● **About this exercise**
All entries are to be printed again exactly, with their images omitted.

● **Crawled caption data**
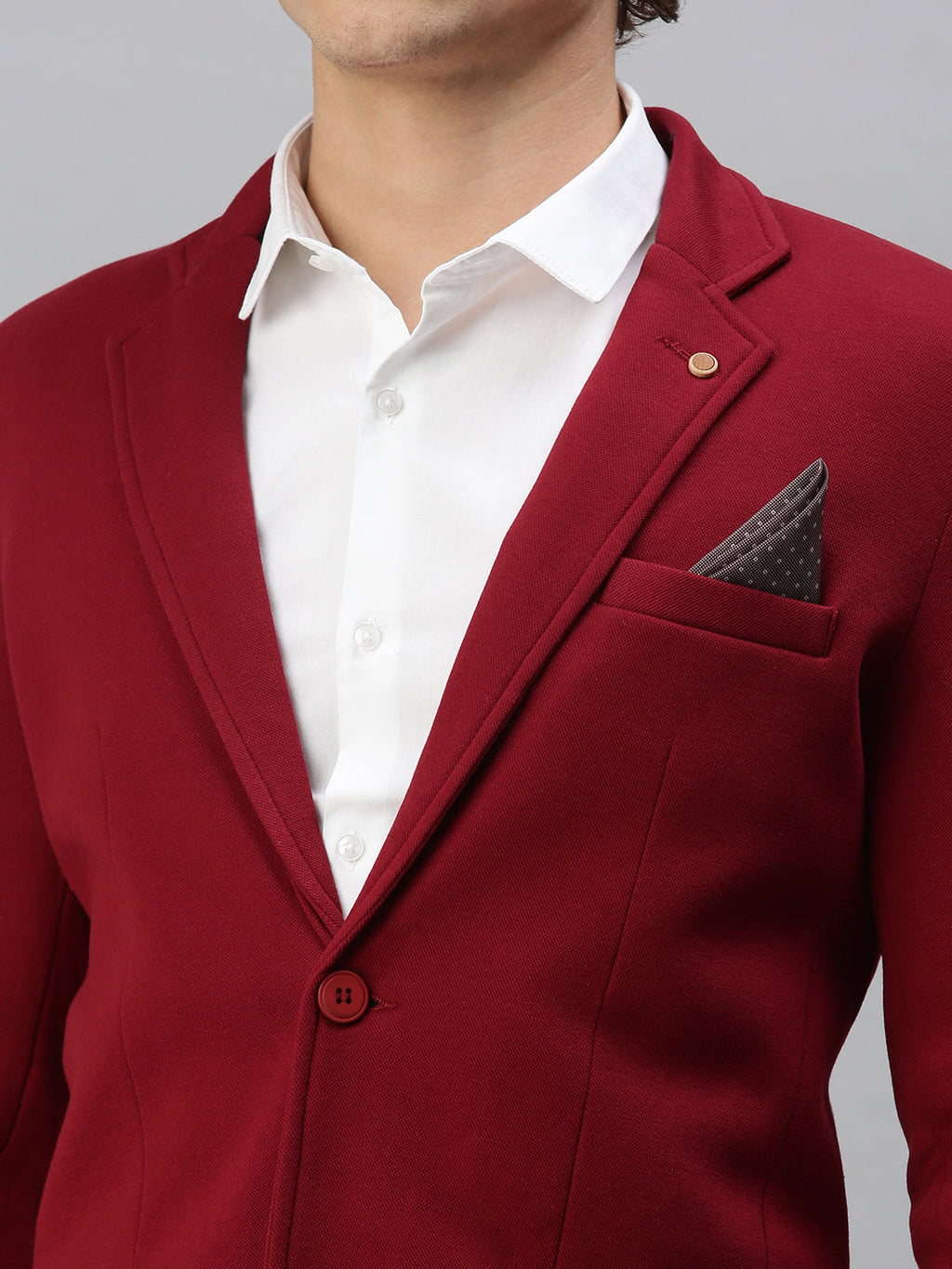Men's Maroon Solid Single-Breasted Slim-Fit Blazer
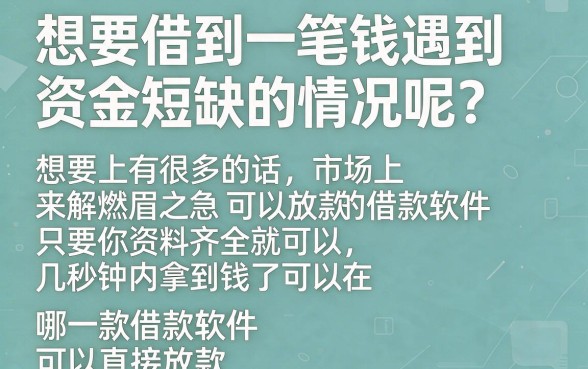 2026年哪个软件借钱可以直接放款？这5个秒批无视征信平台已确认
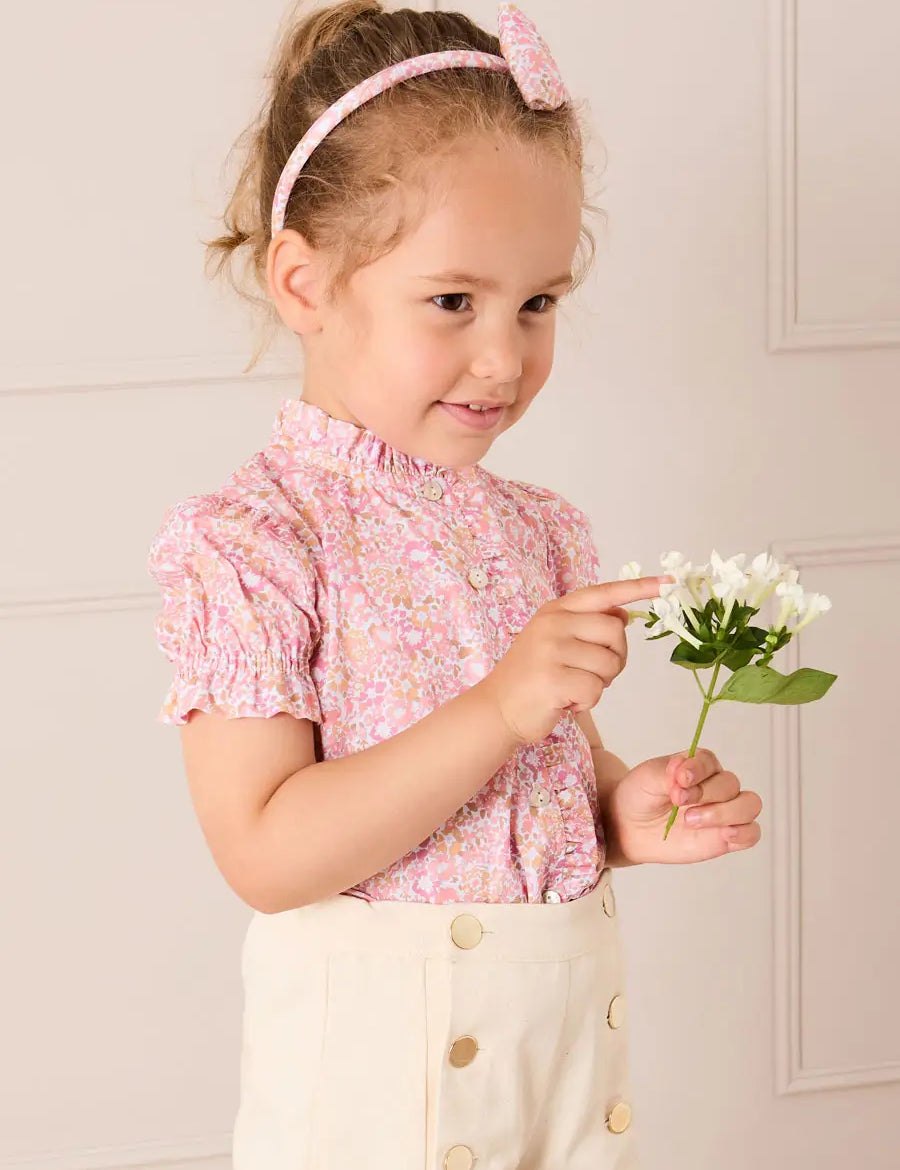 Nellie Floral Mao Collar Romantic Blouse in Pink (18mths-6yrs) Blouses from Pepa London US
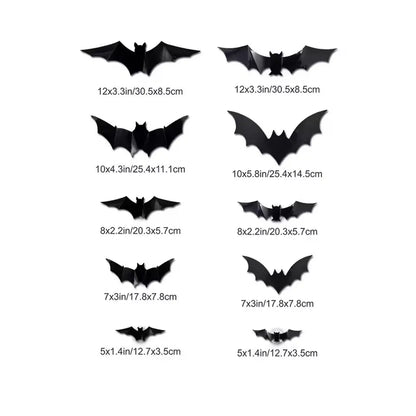 Halloween LED Night Light 3D Stereoscopic Bat Wall Decal PET Material Festival Party Home Wall Decoration Lamp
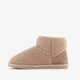 Gevoerde teddy pantoffels beige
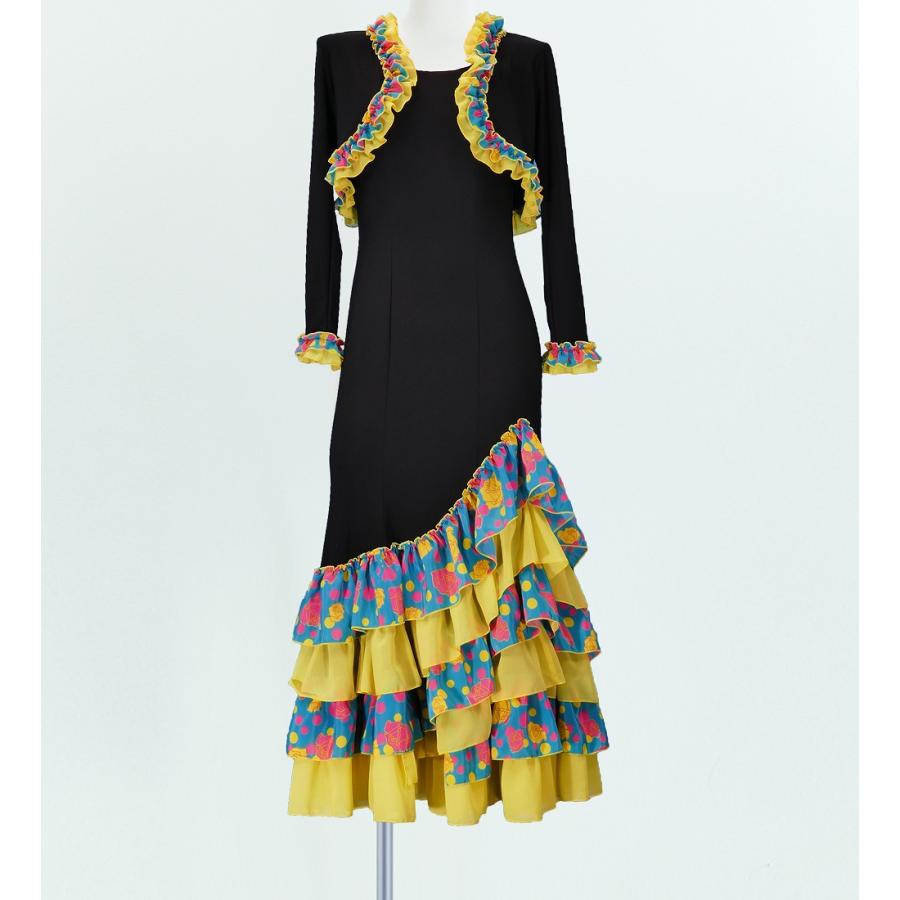 フラメンコ ローズ&水玉 フリル セットアップ ブラック×グリーン フリーサイズ 2340bgf | 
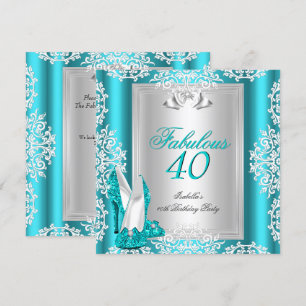 Fantastische 40 40. Geburtstagsfeier Blaue Türkis  Einladung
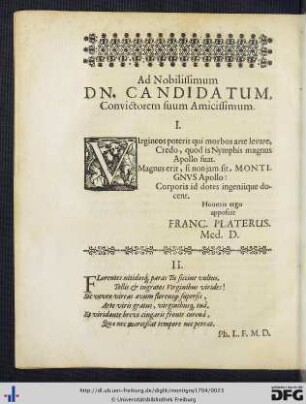 Ad Nobilissimun Dn. Candidatum, Convictorem suum Amicissimum.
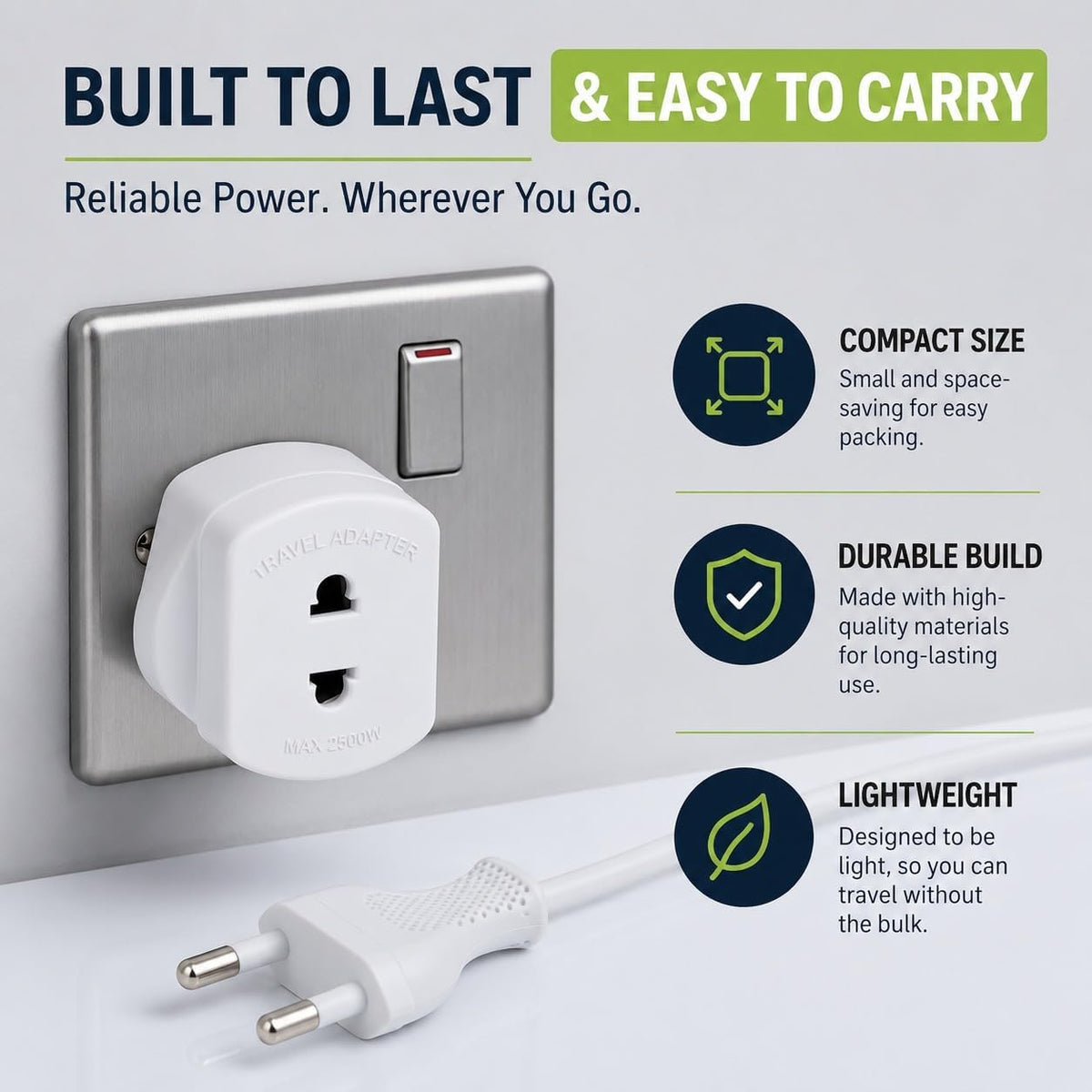 MOBIBAY (Pack of 1) Toothbrush Adaptor Plug UK Charger Shaver Socket 2 Pin to 3 Pin Electric Converter Bathroom Two to Three Prong Charging Tooth Brush Razor Plugs Electrical Shaving (White)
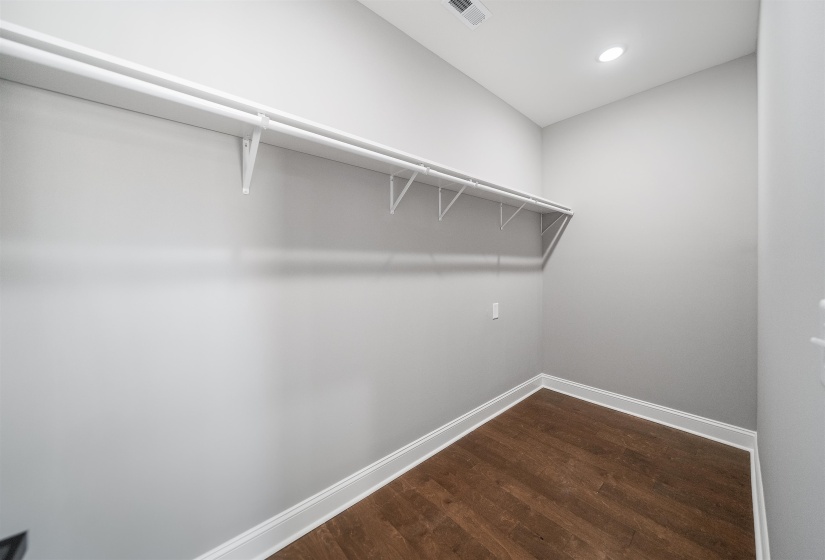 Walk in closet featuring dark wood-style flooring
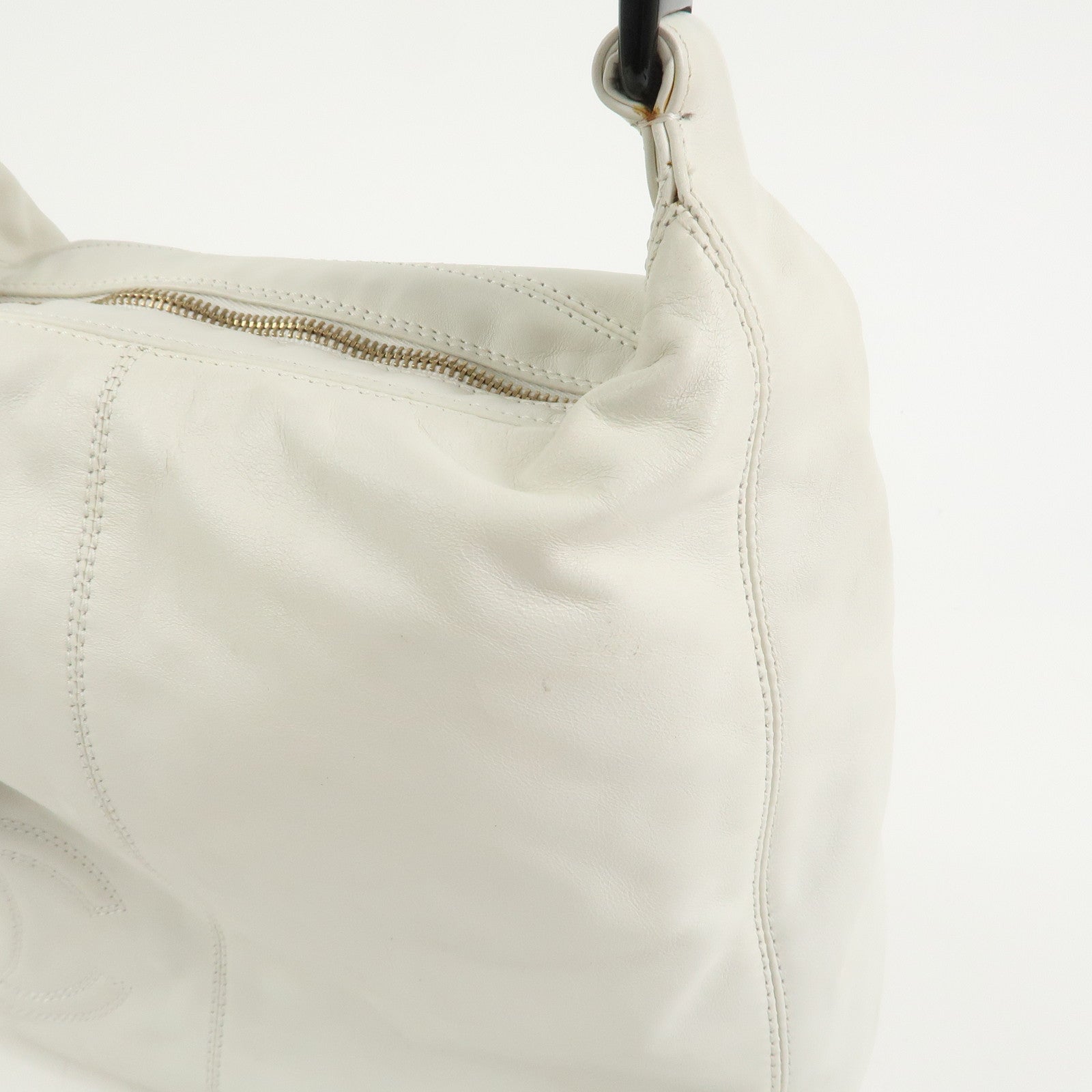 CHANEL Lamb skin Plastic Shoulder Bag Hand Bag White Black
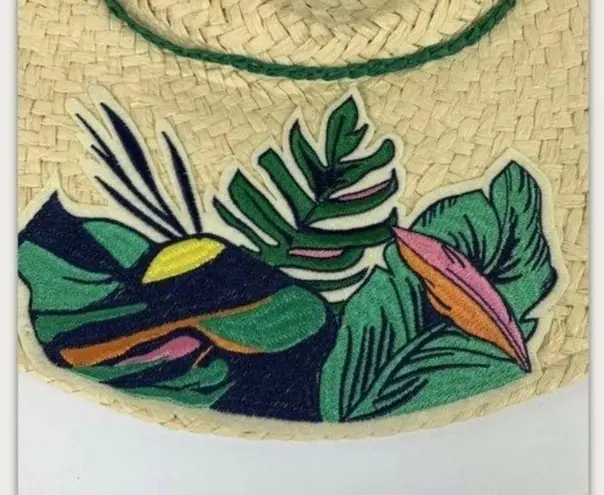 Target 5/$25 Floppy Beach Hat Woven Embroidered Leaves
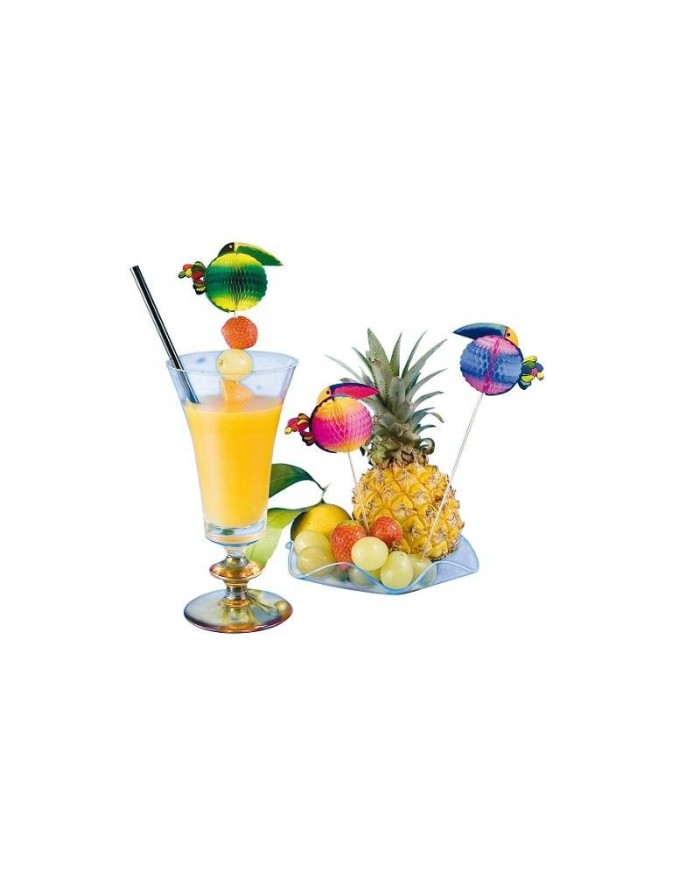 Decorazione con tucano in carta e spiedo in legno 18cm 100pz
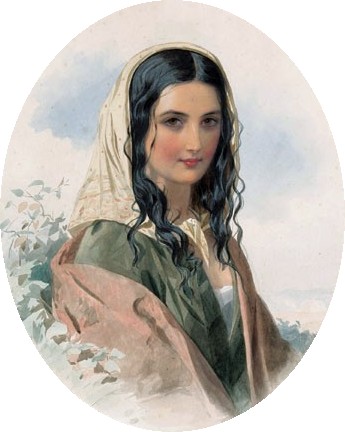 Wikioo.org - The Encyclopedia of Fine Arts - Painting, Artwork by Octavius Oakley - Portrait Of A Gypsy Woman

● **Solution**
Men's Maroon Solid Single-Breasted Slim-Fit Blazer
 2026年哪个软件借钱可以直接放款？这5个秒批无视征信平台已确认
 Nellie Floral Mao Collar Romantic Blouse in Pink (18mths-6yrs) Blouses from Pepa London US
 Halloween LED Night Light 3D Stereoscopic Bat Wall Decal PET Material Festival Party Home Wall Decoration Lamp
 Gevoerde teddy pantoffels beige
 フラメンコ ローズ&水玉 フリル セットアップ ブラック×グリーン フリーサイズ 2340bgf | 
 Fantastische 40 40. Geburtstagsfeier Blaue Türkis  Einladung
 Ad Nobilissimun Dn. Candidatum, Convictorem suum Amicissimum.
 MOBIBAY (Pack of 1) Toothbrush Adaptor Plug UK Charger Shaver Socket 2 Pin to 3 Pin Electric Converter Bathroom Two to Three Prong Charging Tooth Brush Razor Plugs Electrical Shaving (White)
 Walk in closet featuring dark wood-style flooring
 CHANEL Lamb skin Plastic Shoulder Bag Hand Bag White Black
 Target 5/$25 Floppy Beach Hat Woven Embroidered Leaves
 Decorazione con tucano in carta e spiedo in legno 18cm 100pz
 Wikioo.org - The Encyclopedia of Fine Arts - Painting, Artwork by Octavius Oakley - Portrait Of A Gypsy Woman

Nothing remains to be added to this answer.